This year, CppCon 2020 is going virtual. The dates are still the same – September 14-18 – and we are aiming for the CppCon live event to have pretty much everything you’re familiar with at CppCon except moved online: multiple tracks including “back to basics” and a new “embedded” track; live speaker Q&A; live talk time zones friendly to Americas and EMEA (and we’re going to try to arrange around-the-clock recorded repeats in all time zones, where speakers who are available can be available for live Q&A in their repeated talks too, and we’ll do that if it’s possible – but we’re still working on it!); virtual tables where you can interact face-to-face online with other attendees just like at the physical event; virtual exhibitor spaces where you can meet the folks on your favorite product’s teams to ask them question face-to-face; pre- and post-conference classes; and even the CppCon house band playing live before every plenary session. All talk recordings will be freely available as usual on YouTube a month or two after the event, but everything else above will be available only live during CppCon week.

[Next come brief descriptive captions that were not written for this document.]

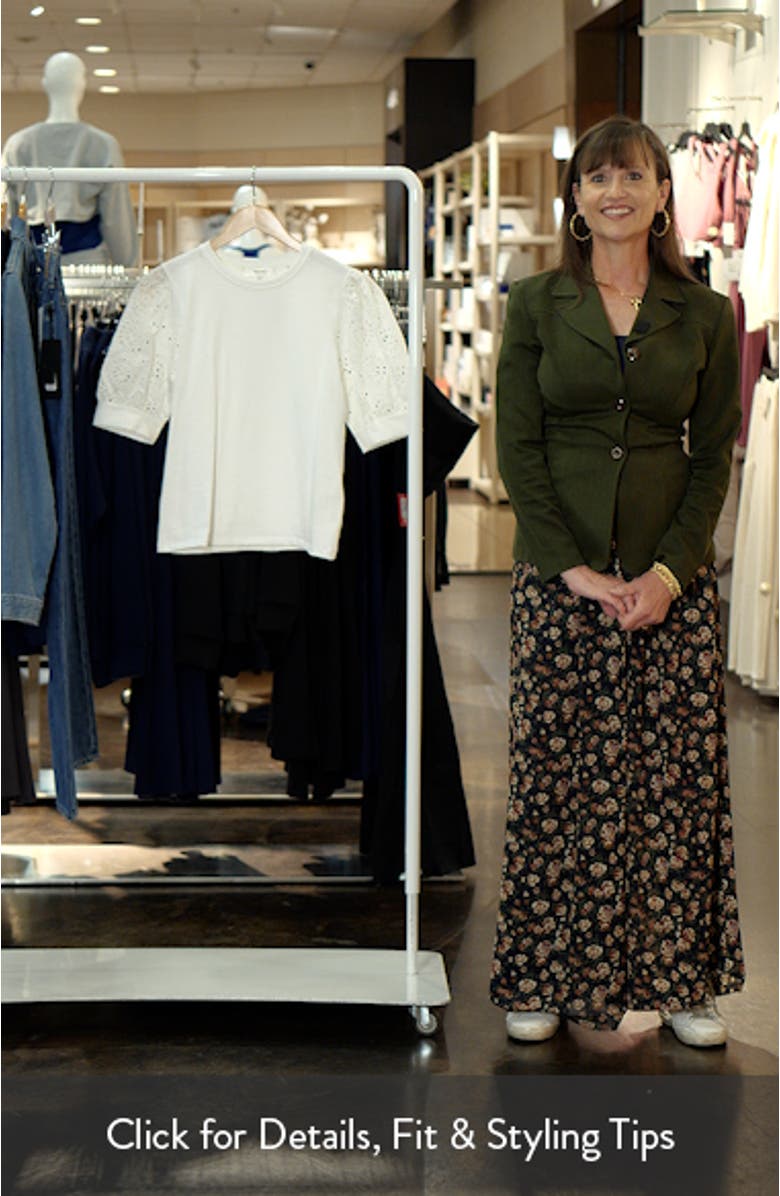 Solstice Eyelet Sleeve T-Shirt, sales video thumbnail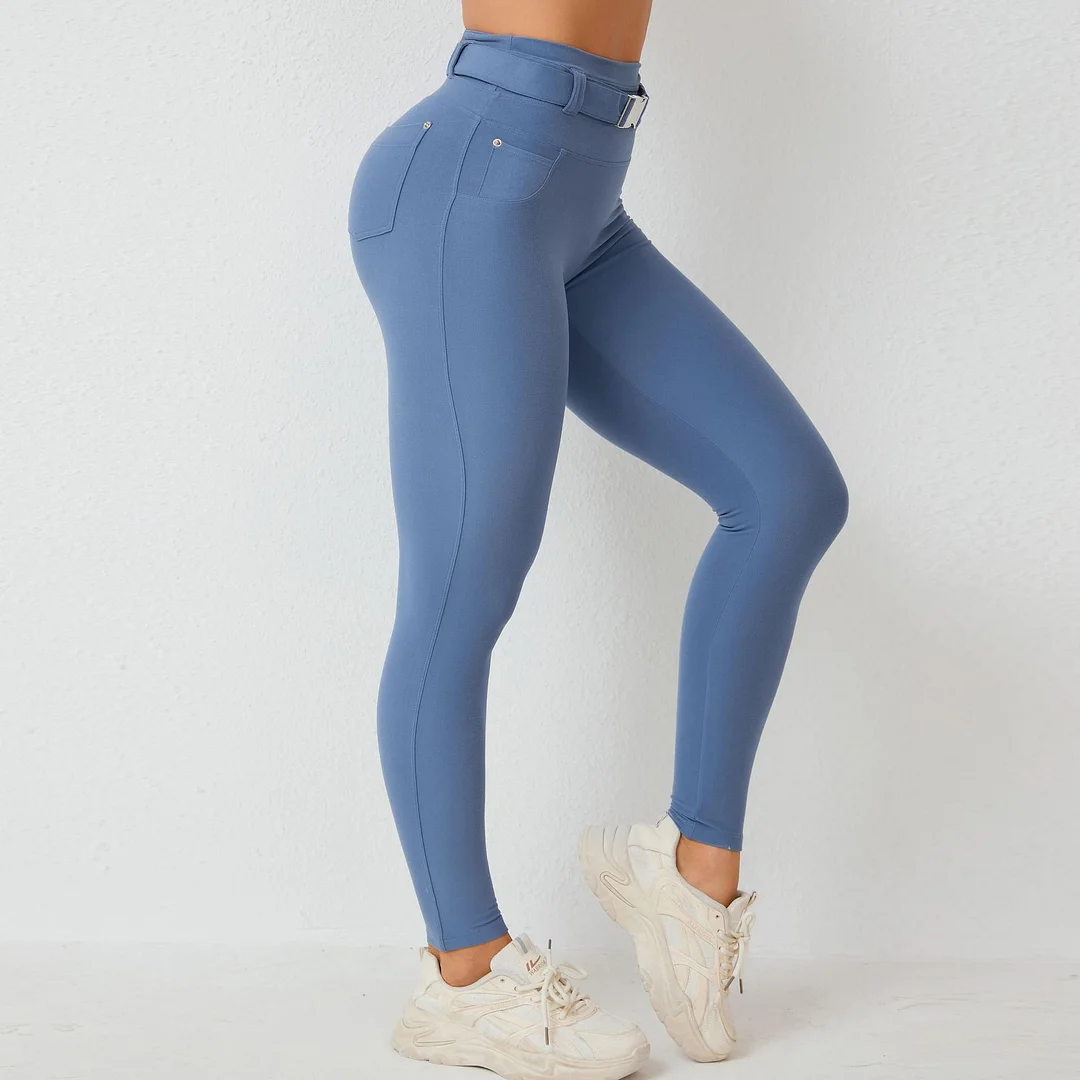 Toloer Toloer Fast Dry Tight Yoga Pants Can Adjust Waist Circumference Fitness Pants Wear Sports Belt Pants-Outfit Ideas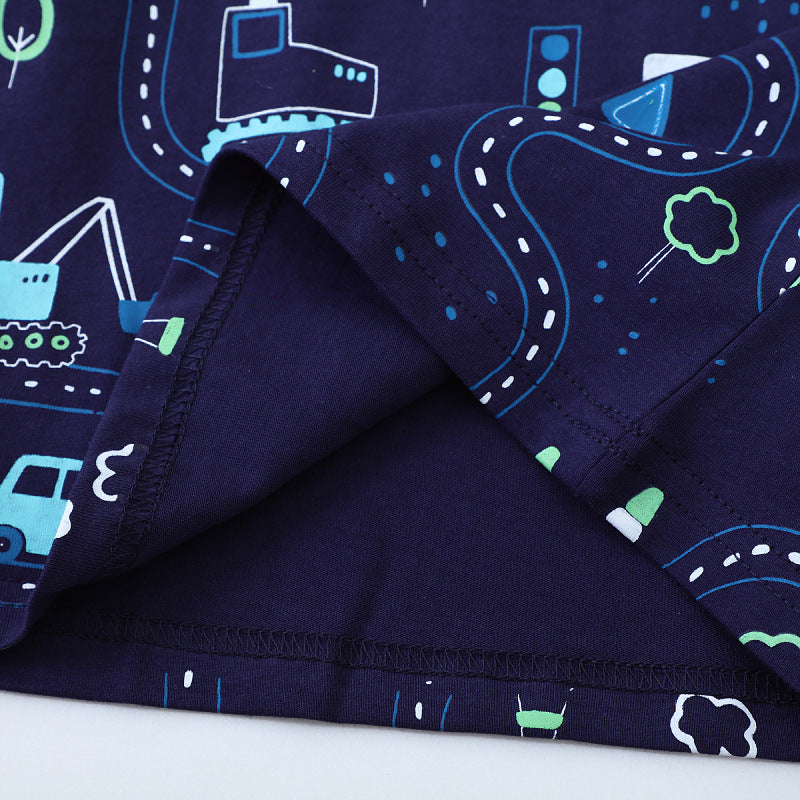 Boy's Short Sleeve T-Shirt, Kids' Casual Basic TeeSpring and Summer Clothing for Children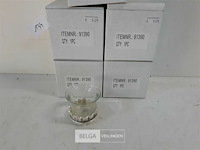 5 x t-lichthouder glas op metalen voet 6 cm - afbeelding 2 van  3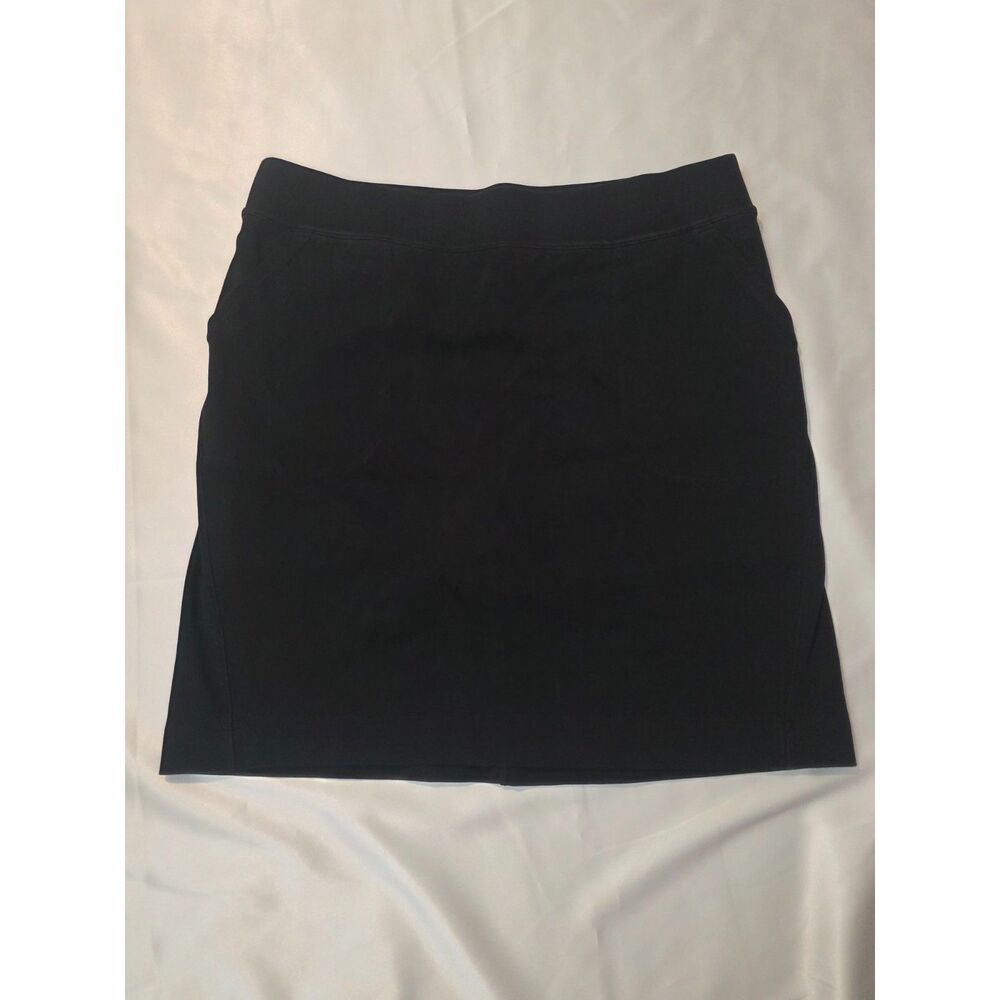 Duluth Trading Co Womens M Medium Black Skort Athletic Skirt Pockets Activewear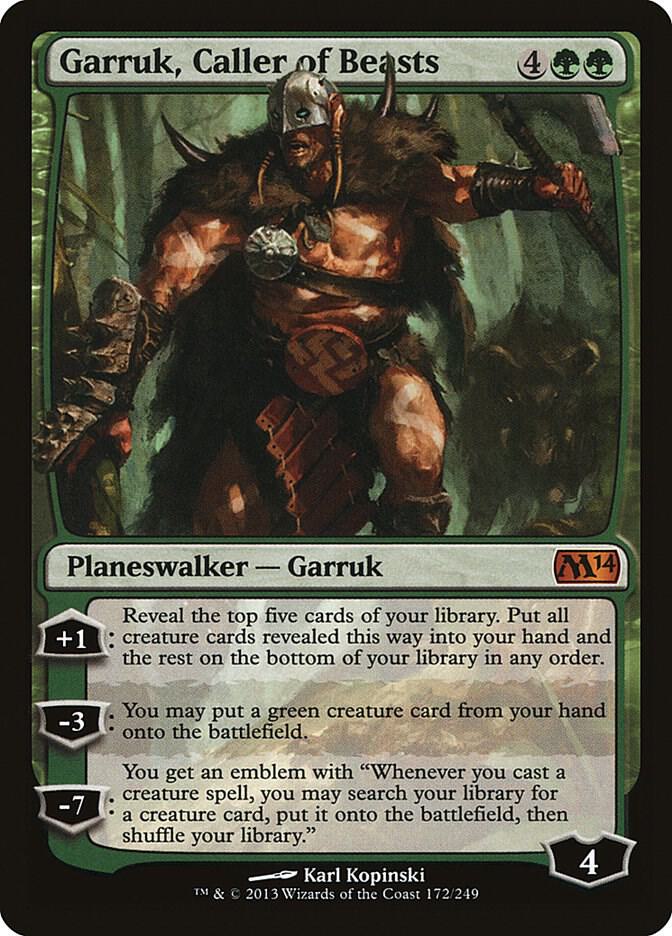 Garruk, Caller of Beasts (172) [Magic 2014]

To whet your appetite for this year’s conference, here’s another of the top-rated talks from last year. Enjoy – and register today for CppCon 2020 – all the spirit and flavor of CppCon, this year all virtual and online!
by Kate Gregory
Summary of the talk:
C++ developers are famously bad at naming: our idioms, guidelines, and lore are rich in examples of terrible names. For example, consider RAII, which stands for scope bound resource management, or west const which perhaps should be const west, or all the samples that feature an object called x which is an instance of a class called X, and so on.
The good news is that naming well is a learned skill, and you can learn it, and start to name better right away. In this talk, I'll tell you why names matter, what benefits a good name can bring, and how to be better at naming. I'll discuss some categories of names and some common decisions within those categories. I'm not going to give you a set of rules to follow: this is about thinking and considering the meaning of the things you are naming. I will give you some questions to ask yourself and some structure that I use to help me to help those who read what I write.
I'll also address renaming things in existing (legacy) code, why and when to do it, and why getting it right the first time may not even be a realistic goal. You should be a lot more confident naming things after we spend this time together.